**DATASET EXCERPTS**

- Opening Delimiter -

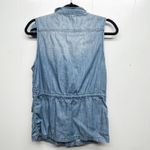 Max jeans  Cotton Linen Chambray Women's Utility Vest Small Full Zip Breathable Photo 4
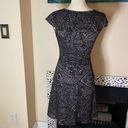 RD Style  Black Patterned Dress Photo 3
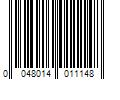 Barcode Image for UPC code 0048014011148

- Closing Delimiter -
- Opening Delimiter -

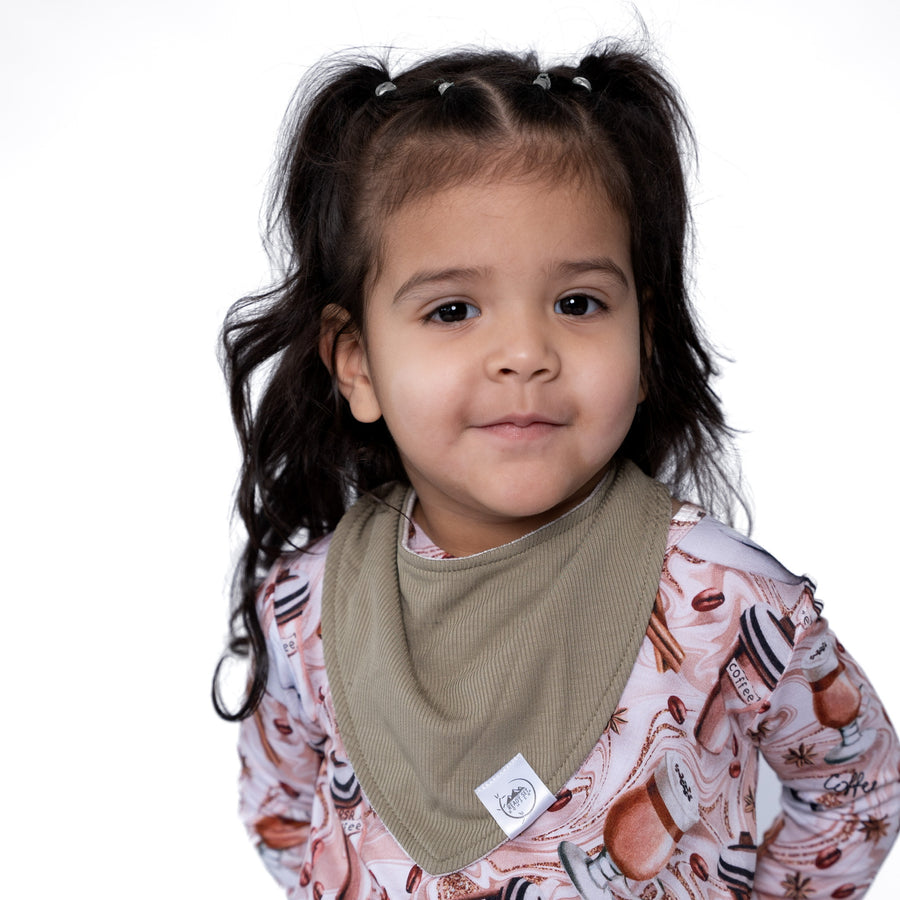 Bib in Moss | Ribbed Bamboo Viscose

- Closing Delimiter -

**YOUR GOAL**
Although pictures appear among the records above, none are to be output; print exactly the lines from the line containing "Dress Photo 3" through the line containing "Barcode Image for UPC code 0048014011148".

**ANSWER FOR THE TASK**
 RD Style  Black Patterned Dress Photo 3
 Barcode Image for UPC code 0048014011148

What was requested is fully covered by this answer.